Since his release from prison in May last year, following a pardon from the King, Anwar, Malaysia’s poster child for political prisoners, has gone to Indonesia, Britain, Turkey, Hong Kong, China, the Philippines and most recently, India.
And often times, these trips involved Anwar meeting head of states or government officials, which is hardly surprising as he is most probably Malaysia’s next prime minister.
But apparently, though not at all surprising, these meetings mostly ended-up with him sounding like an unofficial spokesperson for the Malaysian government, with him nosing into bilateral matters that do not quite concern him, at least for now.
In London last June he declared that the Malaysian government would investigate the Battersea Power Station deal because, according to him, it was a dubious investment brokered by the previous administration.

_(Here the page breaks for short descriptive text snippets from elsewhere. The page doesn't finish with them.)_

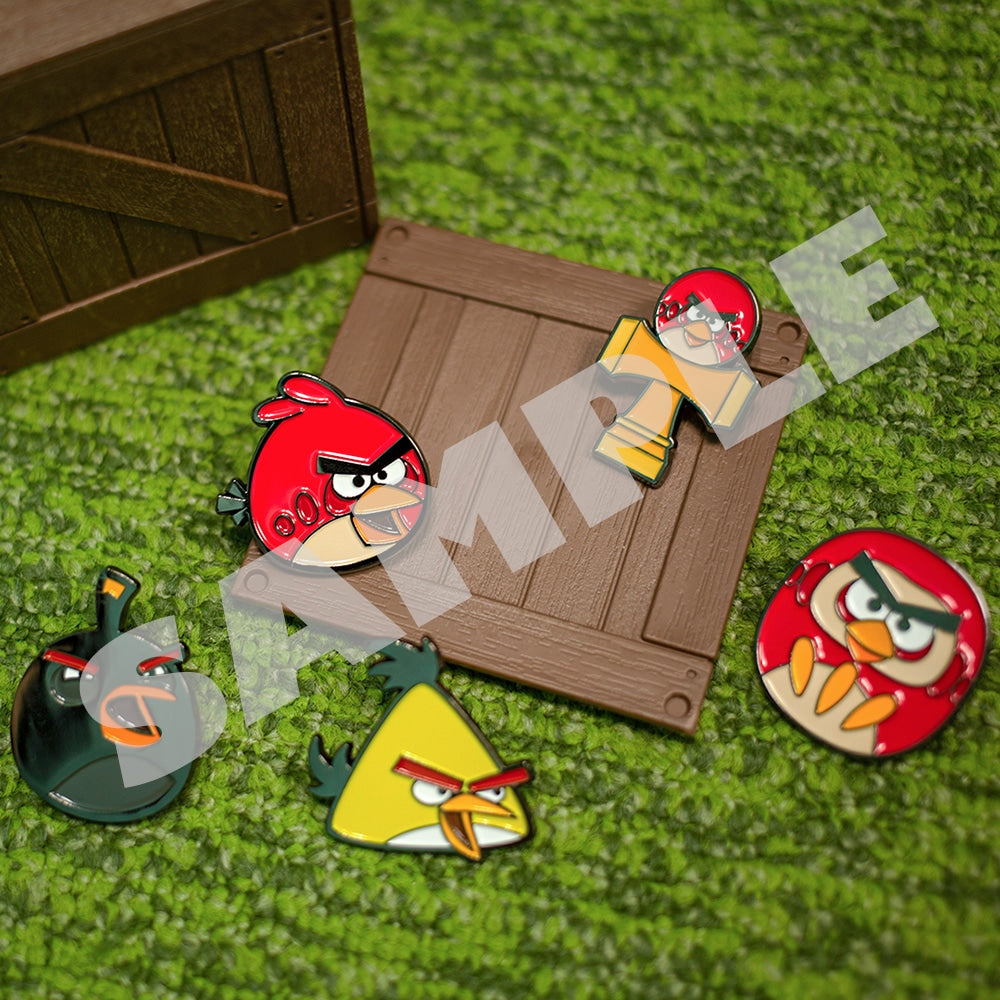 Angry Birds pin badge collection overview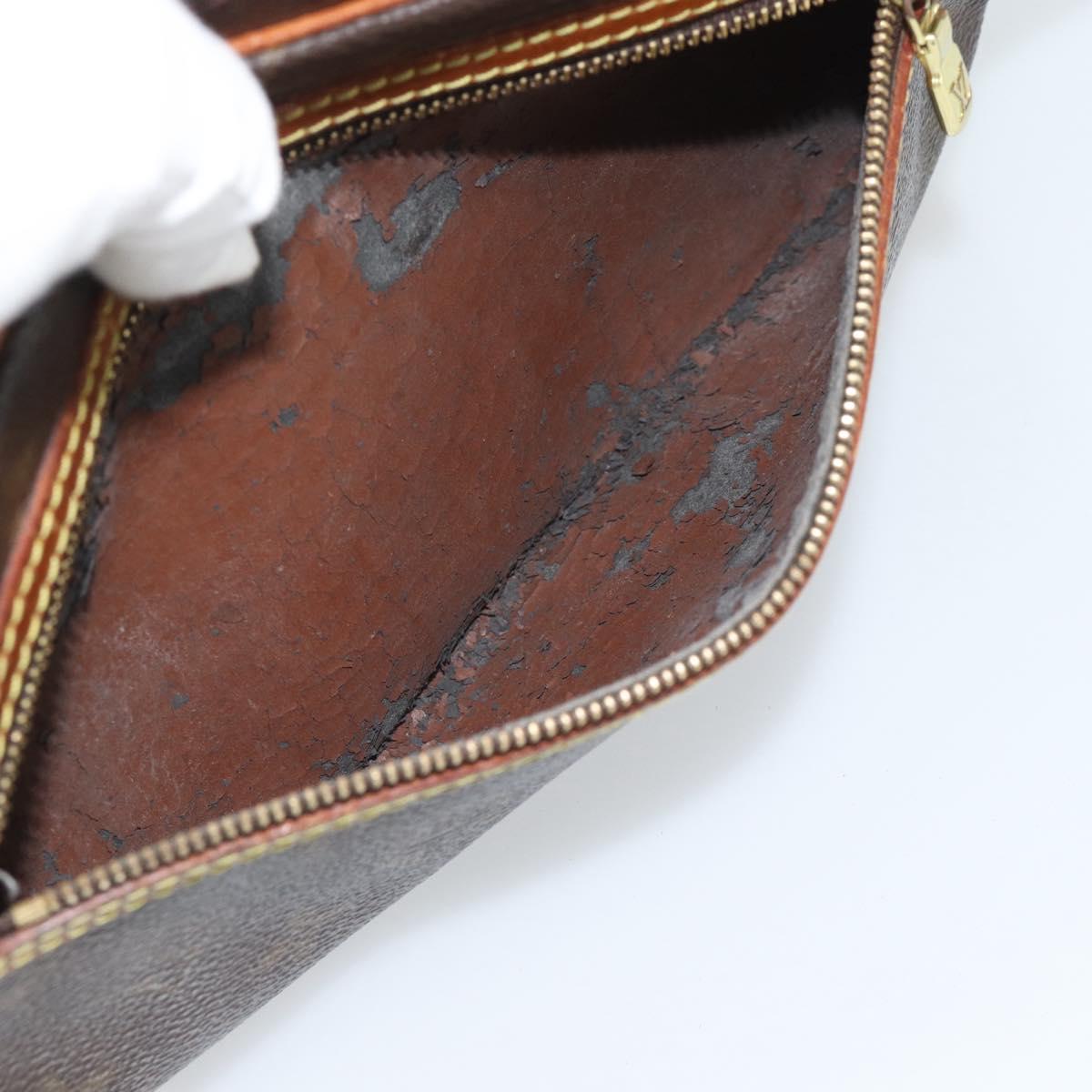 LOUIS VUITTON Monogram Marly Dragonne GM Clutch Bag M51825 LV Auth 191571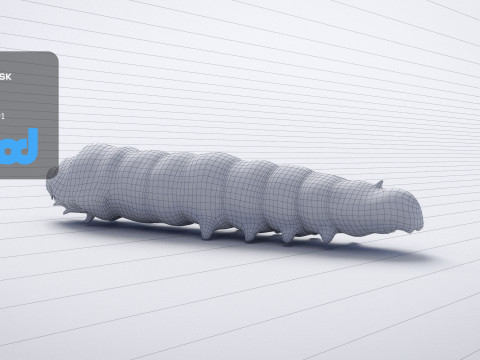 Silkworm 3D Model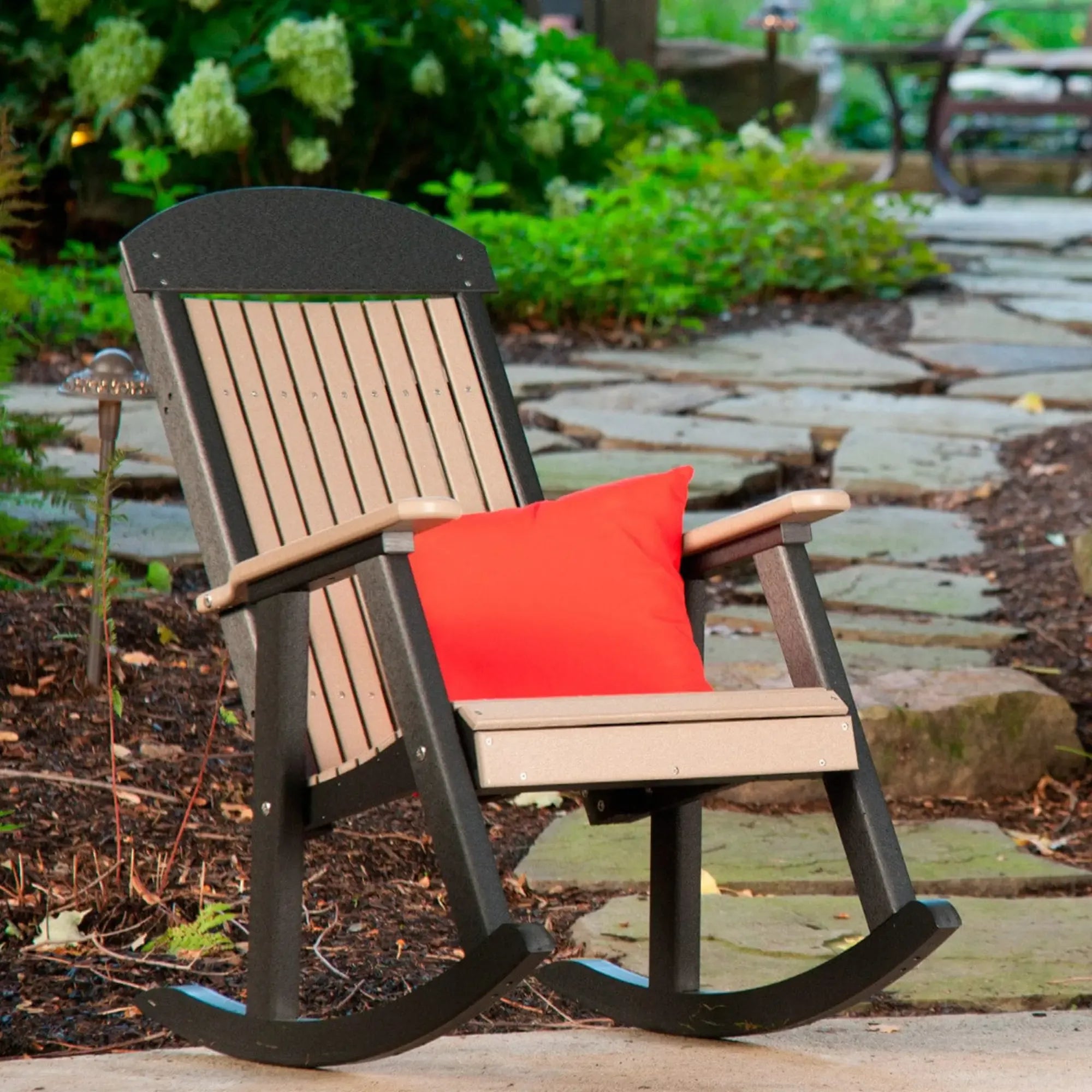 LuxCraft Classic Traditional Recycled Plastic Rocking Chair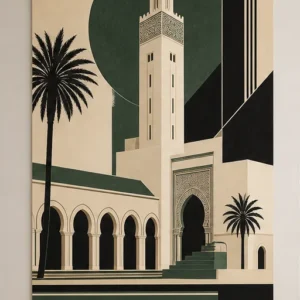poster Casablanca Art déco – vue principale de l’affiche
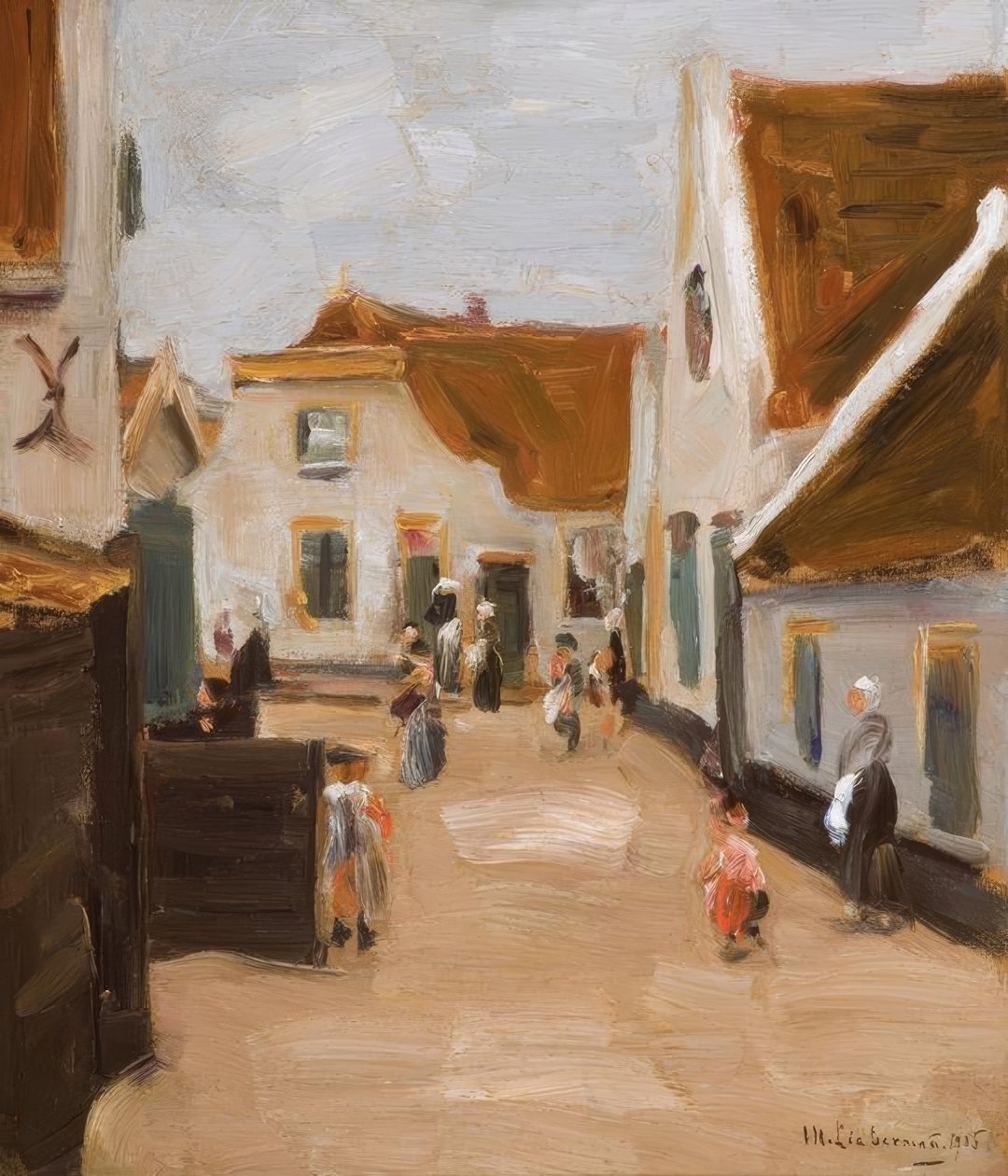 Strada del villaggio a Noordwijk da Max Liebermann
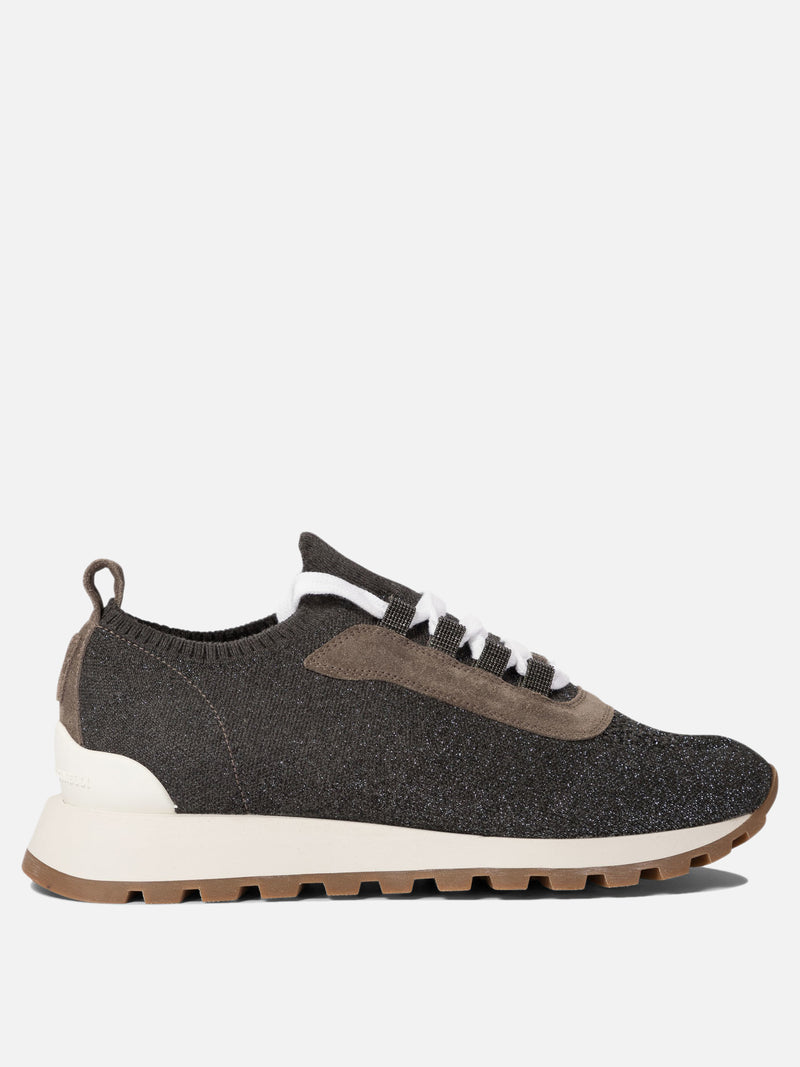Vietti Brunello Cucinelli Sneaker "Sparkling Precious Eyelets"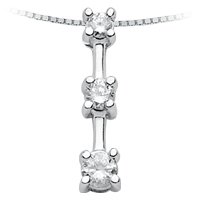 14kt. Gold, 1 4 ct. tw. Three Diamond Pendant by Fred Meyer Jewelers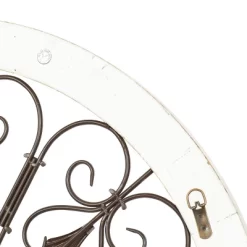 Wood Distressed Scroll Window Inspired Wall Decor With Metal Scrollwork Relief White - Olivia & May -Wall Charm Deals Store GUEST f6ef1d07 8cdc 4a64 b0c3 6d799d924445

“There was no attempt by British authorities to investigate. But this was a crime using sovereign wealth funds for reckless spending sprees. I am seeking support from the British government and from the foreign secretary (Boris Johnson),” was Anwar’s stern remark to the British government.
Oddly enough, despite Anwar’s status as the PM-in-waiting, both the British government and Prime Minister Tun Dr. Mahathir Mohamad have until today kept mum on Anwar’s call.
When he was in Hong Kong last September, Anwar pulled a similar stunt, this time asking the Chinese government not to take offence to Mahathir’s announcement to scrap several high-profile, China-backed projects after the latter did so during his visit to China the month before.
In December, Anwar took things up a notch, which resulted in a social media storm, when he met and discussed the Malaysia-Philippines defence and security policies with President Rodrigo Duterte.
The then twitter tirade against Anwar was understandable as the latter, regardless of his future status, had no right to take part in matters involving Malaysia’s defence. He is only an MP.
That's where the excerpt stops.